На самом деле мне очень хотелось погоняться в Буенос Айресе. Мне нравится этот прекрасный город. Может быть, здешние девушки и не столь красивы, как все об этом твердят, но в них определенно что-то есть. Они очень привлекательны, и это привносит свою особую нотку к теплоте, производимой этим космополитичным городом. О здешних людях говорят: «Итальянцы, говорящие по-испански, и считающие себя англичанами» – и, возможно, это высказывание очень близко к истине.

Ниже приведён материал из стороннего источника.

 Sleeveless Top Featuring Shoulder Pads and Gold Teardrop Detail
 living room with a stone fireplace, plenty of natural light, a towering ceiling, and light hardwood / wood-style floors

В среду вечером, мы были приглашены в резиденцию Президента Менема. Его коллекция живописи располагает рядом очень прелестных картин, нарисованных никому неизвестными художниками, но вполне приличных с художественной точки зрения. По-моему, Карлос Менем – клевый парень. Его дочь очень мила, приветлива и ненапряжна. Нас угостили пиццей и Кокой, это было очень мило с их стороны – неформально и расслабляюще. Президент Менем является настоящим фанатиком автоспорта. Поучаствовав в гонках, он, так же, как и его дочь, знает, о чем говорит; и оба они, в отличие от большинства политиков и высоких чинов, обладают чувством юмора.

Там был и Михаэль, и люди из компаний Шелл и Мальборо, являющихся спонсорами Феррари. Там так же присутствовали аргентинские бизнесмены, один из которых являлся крупнейшим экспортером вин во всей Аргентине. Он сказал, что у него есть агент в Оксфорде, и пообещал мне прислать образцы его лучших вин. Я ответил, что буду очень рад сделать то немногое, что в моих силах, чтобы посодействовать развитию аргентинского экспорта. На самом деле, три дня спустя, по окончании квалификации я был готов испить бутылочку чего-нибудь покрепче.

Автодром в Буенос Айресе из тех, что мне по душе; в прошлом году я квалифицировался здесь на четвертом месте. Но нынче, из-за всех этих связанных с Феррари проблем, я боялся машины, причем до такой степени, что порой мне было страшно поворачивать руль.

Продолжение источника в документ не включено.